- **Available data**
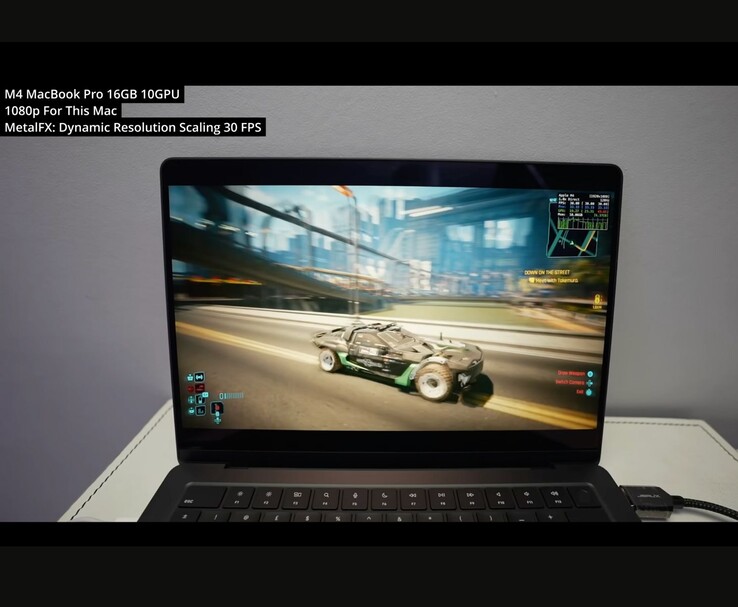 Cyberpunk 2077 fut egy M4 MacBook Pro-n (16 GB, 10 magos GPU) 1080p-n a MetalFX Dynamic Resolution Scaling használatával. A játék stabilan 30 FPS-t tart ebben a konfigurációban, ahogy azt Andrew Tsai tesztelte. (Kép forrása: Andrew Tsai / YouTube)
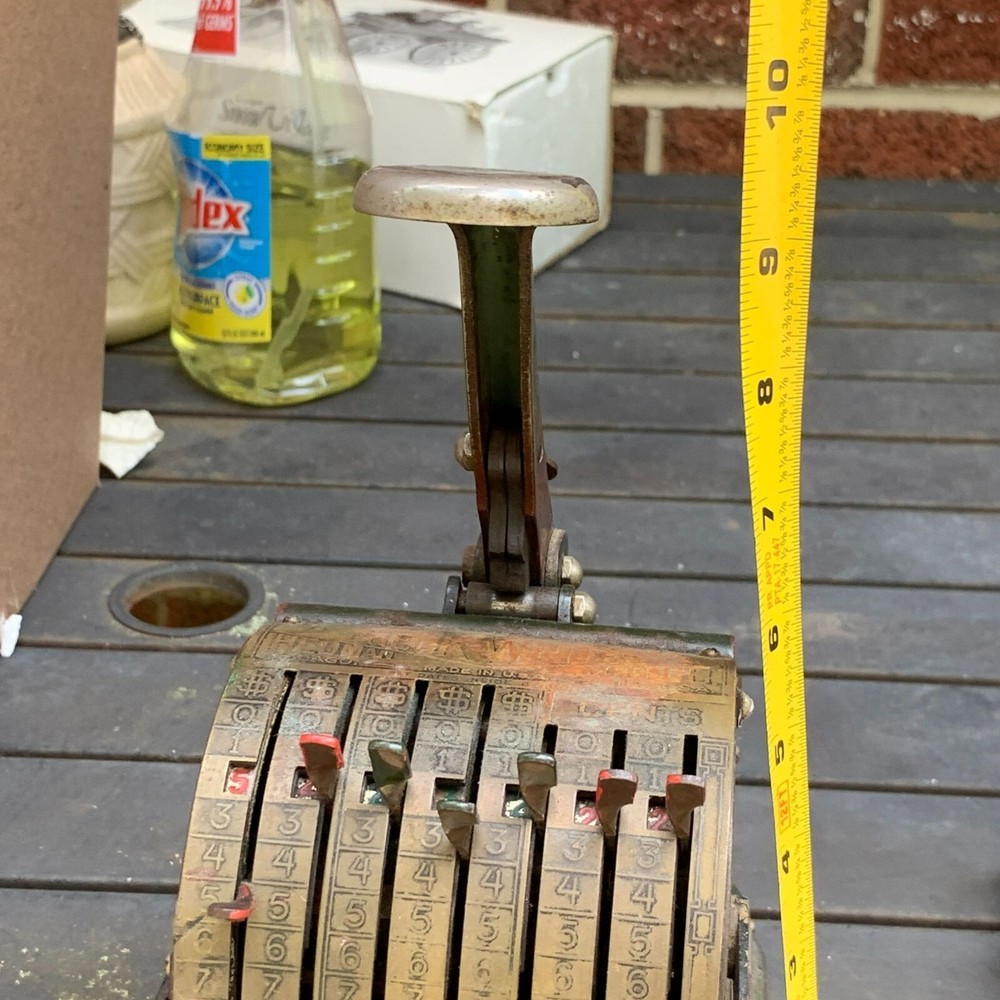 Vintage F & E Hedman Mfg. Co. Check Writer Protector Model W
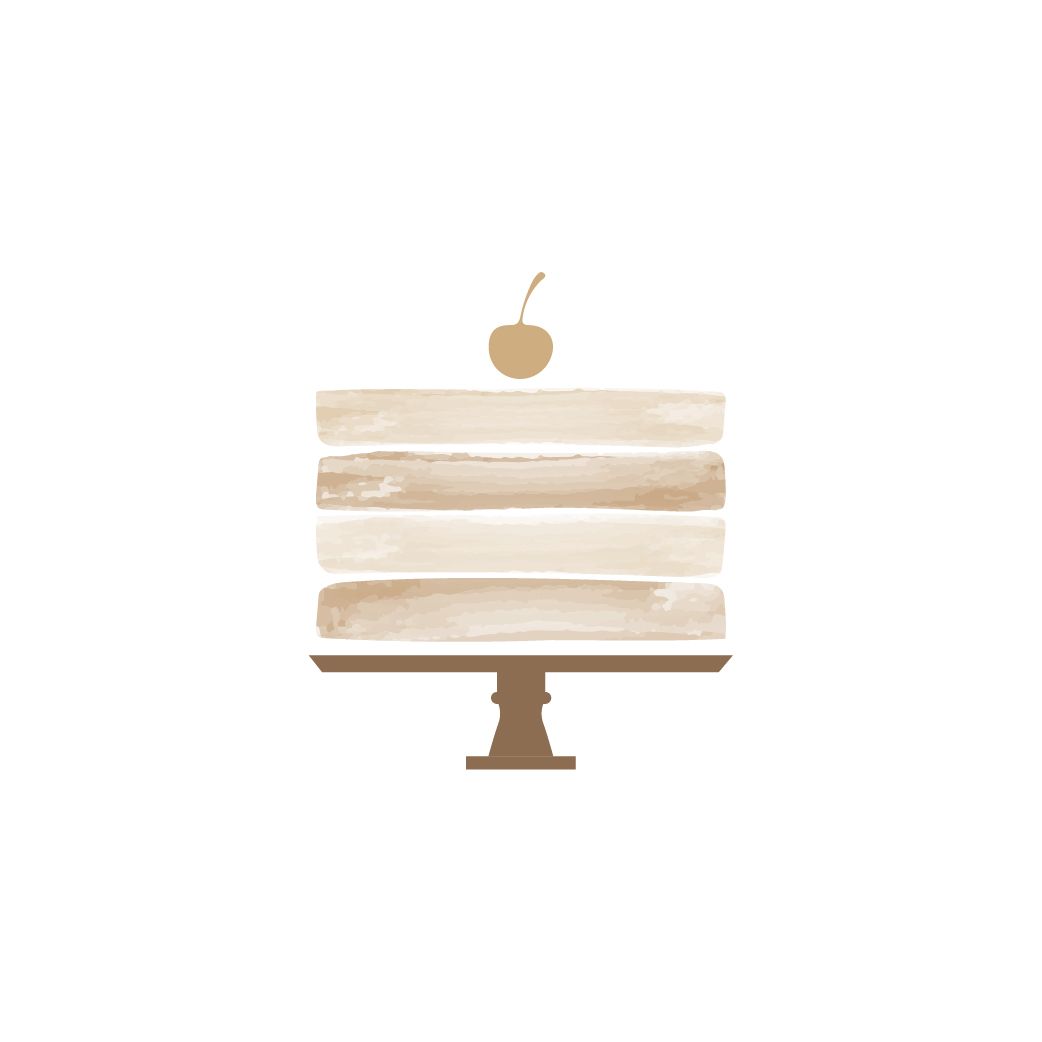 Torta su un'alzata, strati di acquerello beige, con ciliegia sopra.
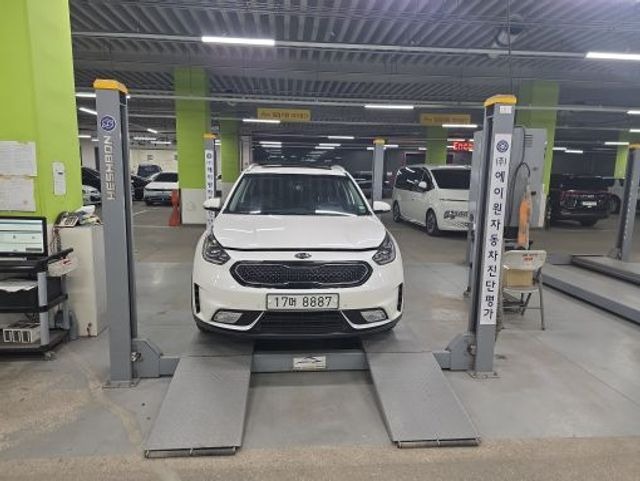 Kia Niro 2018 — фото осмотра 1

- **Exercise prompt**
Before copying the material, set its pictures aside; then transcribe it word for word.

- **Task solution**
 Cyberpunk 2077 fut egy M4 MacBook Pro-n (16 GB, 10 magos GPU) 1080p-n a MetalFX Dynamic Resolution Scaling használatával. A játék stabilan 30 FPS-t tart ebben a konfigurációban, ahogy azt Andrew Tsai tesztelte. (Kép forrása: Andrew Tsai / YouTube)
 Vintage F & E Hedman Mfg. Co. Check Writer Protector Model W
 Torta su un'alzata, strati di acquerello beige, con ciliegia sopra.
 Kia Niro 2018 — фото осмотра 1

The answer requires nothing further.